The second part of an introduction to the basic concepts behind the 4-2-5 defense. The focus today are the base coverages that are used and absolutely NO references to zone-blitz schemes for a 300 pound defensive tackle covering a Slot Receiver. No talking and please sit down.

NCAA Football: Notre Dame at Virginia Geoff Burke-USA TODAY Sports

Covering the coverages

Let's take a look at the coverages used in the 4-2-5. If you can recall from part 1, the front 6 in the defensive alignment are totally distinct from the back 5 as far as coverage schemes are called. When you watch the Notre Dame Fighting Irish this fall, realize that there are 2 guys in the back 5 responsible for calling the coverage. This is another element unique to the 4-2-5 and one that Coach Elko has used through his career. The design here is to give two calls as the field is split in two parts with sometimes different coverages from one side to the other.

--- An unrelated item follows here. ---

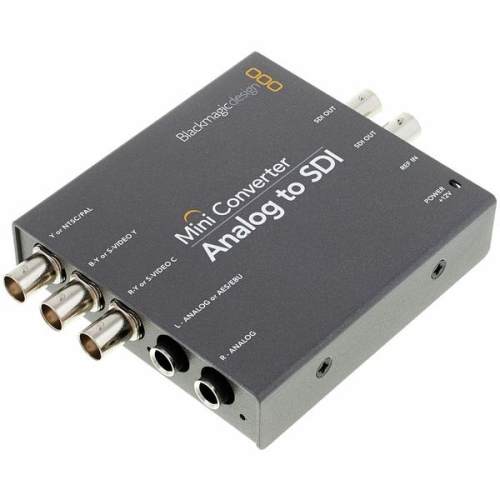 Mini Converter Analog to SDI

The divide starts at the center on every snap and your two guys in the back making the calls are your weak and free safety.

Again, rather than get lost on all the technical aspects of this defense, you should start to see it as a common sense approach to best combat the spread offense. Take it in as a whole if you will, that it allows them to adjust to any formation with what they have on the field.

OFD Film Room The wonderful @phillykelly

Now let's start with an offensive formation that is strong (to the defenses left the free safety will call 'read' or 'red' left. During this process the FS is talking to the left cornerback, strong safety and read side linebacker. The weak safety calls the other side aligning the right corner and right side linebacker.

Remember, in the 4-2-5 your outside linebackers function in coverage as much as in run defense. As it was used in the old 4-4, they functioned closer to the line and worked on pushing or containing the option plays run out of those offenses that we used to see in the 60's, 70's and 80's. The beauty of the 4-2-5 is that it can function against any offensive philosophy and not get lost in translation. You know who is responsible for what area of the field and who falls under each call.

When you configure your defense in this setup you go in realizing that when you split your secondary down the middle, there are only 3 formations the offense can give you. They can go trips to one side, twin set with 2 wideouts to either side, or a pro-set with a tight end and wideout. Unless an offense goes into the wishbone or flexbone ( i.e. Navy, Georgia Tech), this is the only setup and offense can show you. So basically with this info you introduce this to your defensive guys and immediately the simplification process starts.

Alignment for offenses are now broken down into 3 possible formations. With that established, Elko will begin branching into coverages. There are basically 3 of those: Cover 2, Cover 5 and Man. Now, every coach will use different lingo, but most stick to these 3 in principle. When an offense does go into a 2-back run heavy set you slide down a safety, making it pretty much a 4-3 and call a coverage out of this alignment. This is done mainly when the offense your playing has an edge in the line play and you need the run support.

Now, in the three coverages mentioned above, you have 3 zone coverages divided between the two parts of the secondary. Put this together with the number of possible offensive sets (3), you have 9 total coverages for each half to remember.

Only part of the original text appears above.